Voice & Turn-Taking Settings

These settings control how aggressively the agent detects user speech and decides when to respond.

Interruptions

  • allow_interruptions
    • Allows the user to interrupt the agent mid-speech.
  • min_interruption_duration
    • Minimum duration of detected user speech to count as an interruption.

Defaults:

  • allow_interruptions=True
  • min_interruption_duration=0.08

Turn-taking / endpointing

These parameters control Voice Activity Detection (VAD) and determine when the agent decides the user has finished speaking:

  • min_silence_duration - How long (in seconds) the user must be silent before the system considers they might be done speaking.
  • activation_threshold - Confidence level (0.0-1.0) required to detect speech. Higher values reduce false positives from background noise.
  • prefix_padding_duration - Amount of audio (in seconds) to capture before detected speech starts.

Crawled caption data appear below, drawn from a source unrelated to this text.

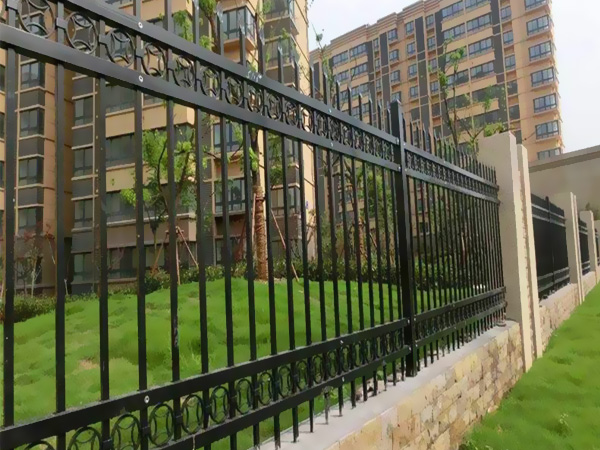 鋅鋼護(hù)欄有哪些用途? 鋅鋼護(hù)欄有哪些用途?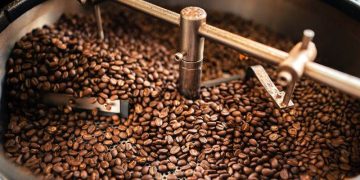 Giá Cà Phê Giảm Trong Phiên Giao Dịch Thứ Tư Khi Chúng Điều Chỉnh Lại Một Phần Mức Tăng Mạnh Trong Tuần Này Và Củng Cố Đà Tăng Gần Đây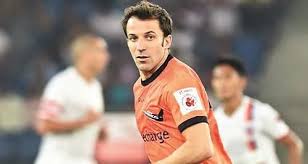 FLORENT MALOUDA, ROBERTO CARLOS, ALESSANDRO DEL PIEROClub: Delhi DynamosPeriod: 2015-2017, 2015, 2014The capital team getting the big stars? Say it ain't so! Well, Dynamos had three world cup finalists (two being winners as well) in their squad. Gotta say,pretty impressive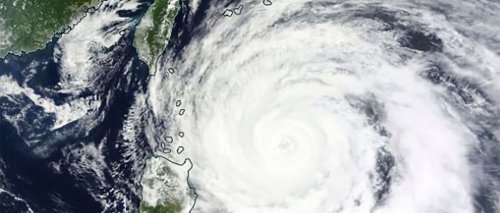 Starker Taifun trifft auf Süden Japans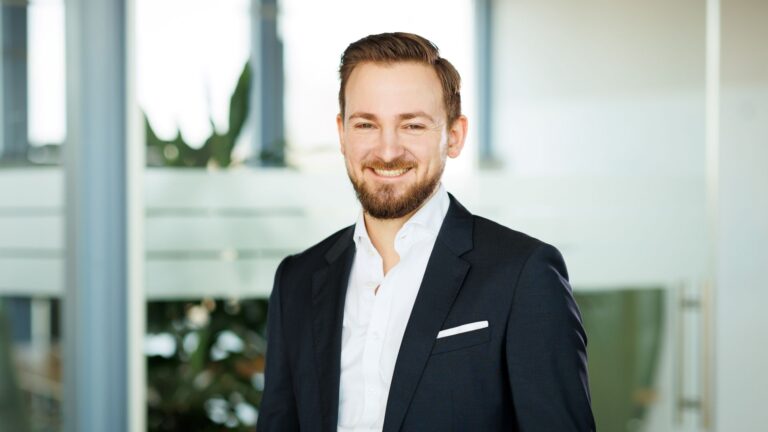 Wirk­lich nach­hal­tig in­ves­tie­ren: Die nach­ge­schärf­ten An­la­ge- und Fi­nan­zie­rungs­grund­sät­ze der GLS In­vest­ments, We­bi­nar 13.03.2025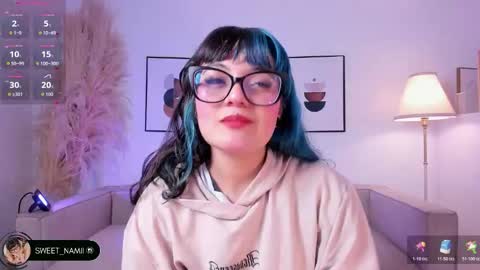 Snapshot of amy_lit chatting on 12/20/25, 08:38 Hello I am Allison Welcome to my room and let is have a good time together whith me online show from 12/20/25, 08:38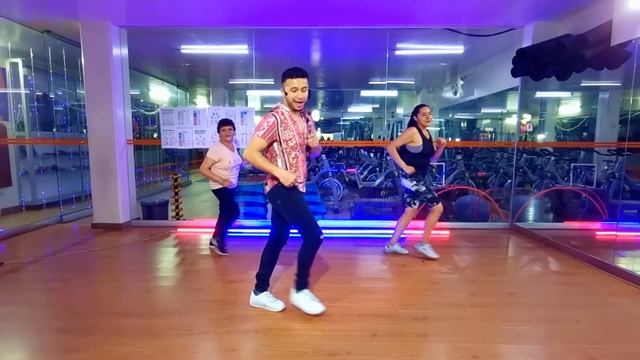 SALSA MERENGUE y BACHATA Dance Workout? Cardio QUEMA GRASA смотреть онлайн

Helps catch the beginning of words.
  • min_endpointing_delay - Minimum time (in seconds) to wait before ending the user's turn.
  • max_endpointing_delay - Maximum time (in seconds) to wait before forcefully ending the turn.

Defaults:

  • min_silence_duration=2.0
  • activation_threshold=0.4
  • prefix_padding_duration=0.5
  • min_endpointing_delay=0.45
  • max_endpointing_delay=3.0

These defaults are optimized to handle natural conversation pauses and prevent the agent from cutting off users who are thinking or formulating their thoughts.

Practical guidance

  • If the agent responds too quickly: Increase min_silence_duration or max_endpointing_delay.
  • If the agent cuts off users mid-thought: Increase min_endpointing_delay and max_endpointing_delay.
  • If users experience silence detection issues: Check if the stream is closing prematurely by increasing max_endpointing_delay to 4.0-5.0 seconds.
  • If the agent interrupts users too easily: Reduce allow_interruptions or increase min_interruption_duration.
  • If speech is missed at the beginning: Increase prefix_padding_duration.
  • For noisy environments: Increase activation_threshold to 0.65-0.7 to reduce false speech detection.
  • For users who speak slowly or thoughtfully: Increase both min_silence_duration (to 1.0-1.2) and max_endpointing_delay (to 4.0-5.0).